[Gpdd] Rainbow Bridge: Hope

ME me at buddies.org
Tue Aug 24 01:34:44 EDT 2010


Joanie, Jamie, Joanne, Jean, Glynis, Penny, M Fug, and Carole, I want to thank everyone for your thoughts about Hope.  It's strange, I haven't cried for Hope at all ... not even when I found her gone.  I'm sad and I miss her, but I guess I've just put all my focus and effort on Harmony and Providence.  It does look like Providence's UTI is gone ... I've stopped antibiotics, but I'm still giving her cranberry.  I think I'm going to lose Harmony.  I don't know if I should take her to the vet again ... she's been there twice in less than two months and he doesn't know what's wrong.  She goes downhill for 5-7 days after she goes to the vet because of stress.

It's hard not to blame myself for the past year ... all the "what ifs" ... especially when I didn't catch the early signs of weight loss ... well, I noticed them, but hindsight told me I should have taken them out of observation mode earlier ... but then, they were only slightly out of their normal range before I decided to do something.

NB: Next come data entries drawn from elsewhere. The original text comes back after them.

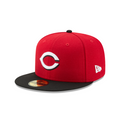 New Era 59FIFTY Cincinnati Reds Road Authentic Collection On-Field Fitted Hat Red Black product image 1, provided for visual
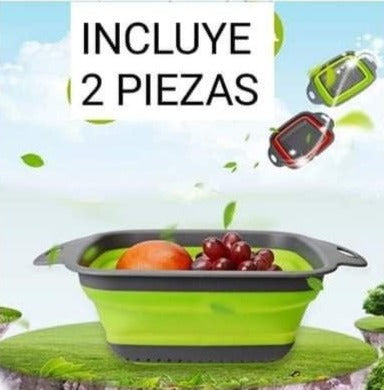 CANASTA COLADORA PLEGABLE DE SILICONA PARA COCINA, ESCURRIDOR DE FRUTAS Y VERDURAS 2 PIEZAS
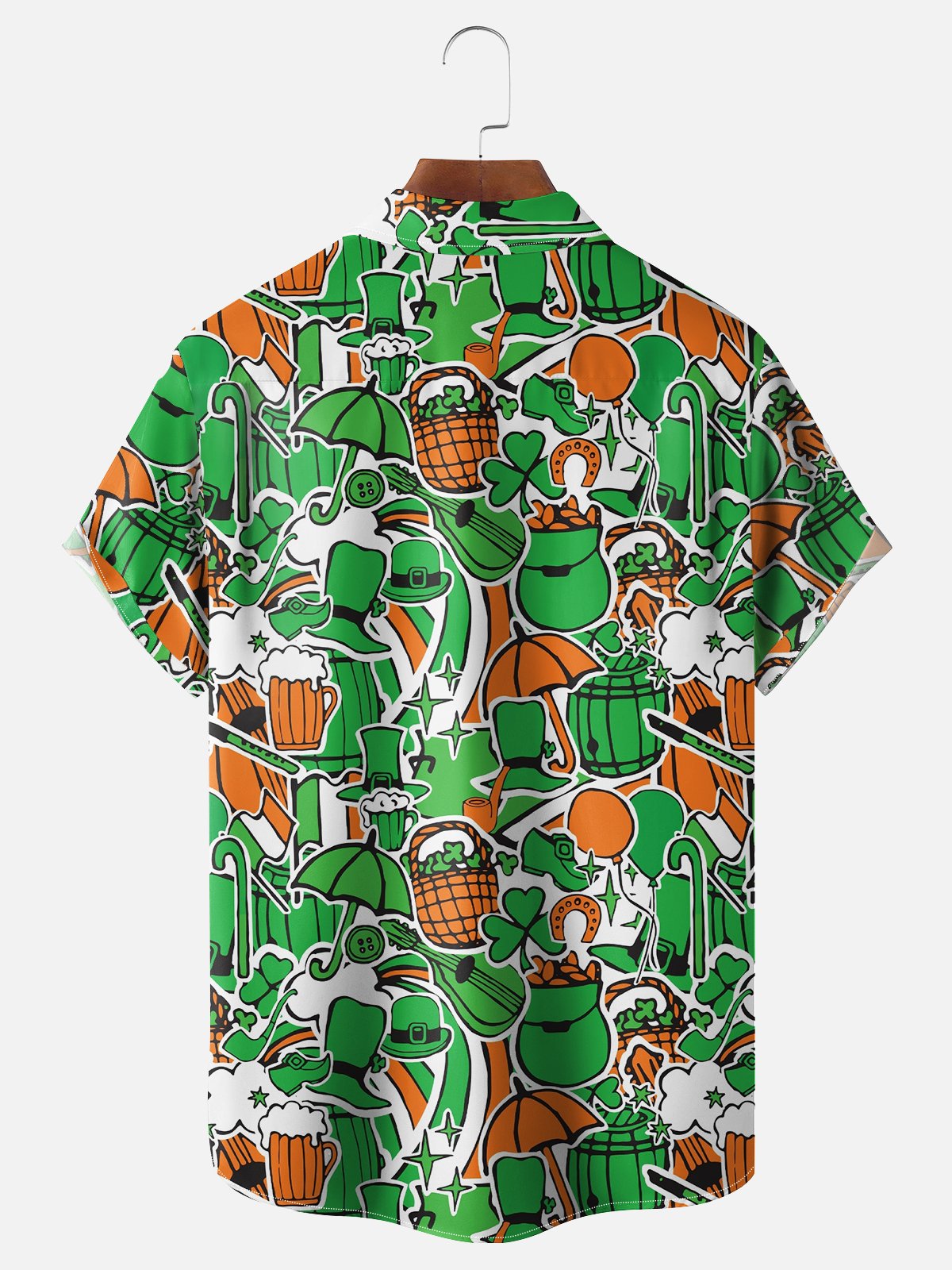 Moisture Wicking St. Patrick's Day Shamrock Chest Pocket Casual Shirt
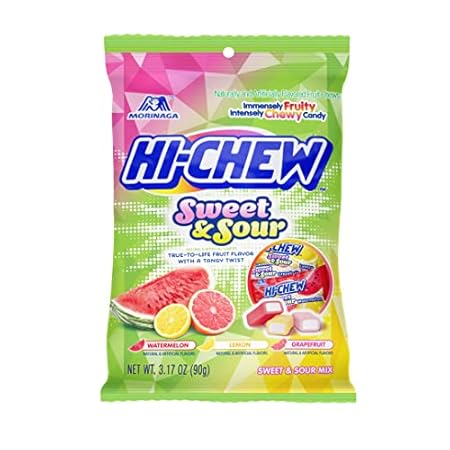 HI-CHEW Sweet & Sour Mix, Pack of 6 Bags, 3.17oz each - Watermelon Lemon Grapefruit | Unique Fun Soft & Chewy Halloween Candy, Immensely Juicy Fruity Candy Flavors, Individually Wrapped for Sharing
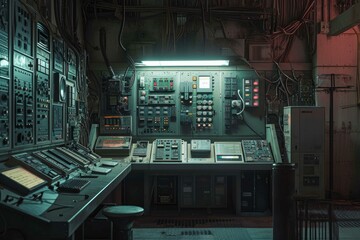 Dimly lit vintage control room filled with analog electronic devices and panels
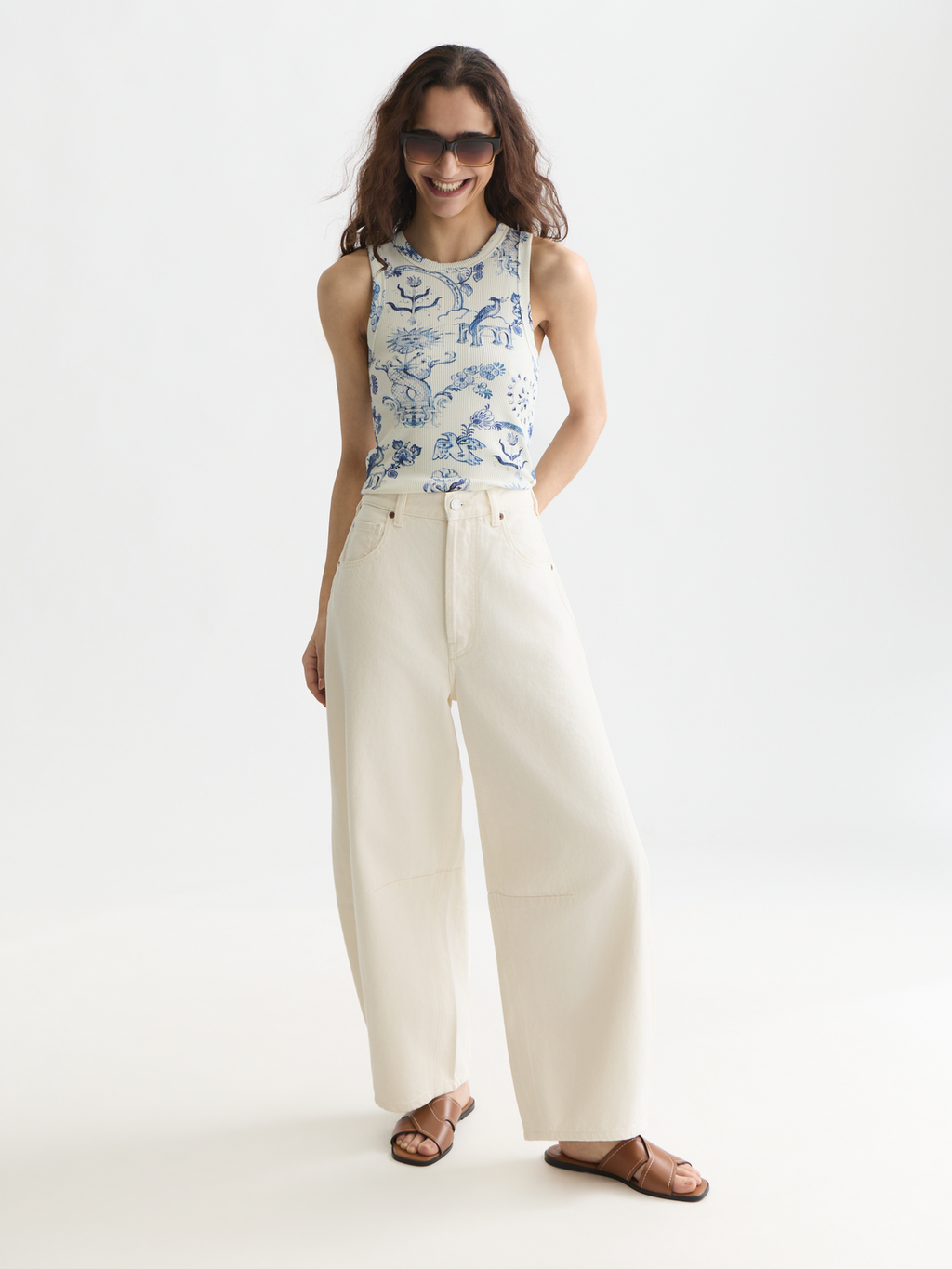 Scotch & Soda x Royal Delft Printed Rib Racer Tank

Sometimes I think I should go back to just having one or two piggies ... but I just love having a herd.  Right now four seems so small ... but I think I'm going to wait another year before adding any new pigs ... or I'll have a bunch of old piggies at one time.  I tried to space these ones out age-wise, but the problem came that two were over 6, one was over 4, and one surprised me when she was just over 3.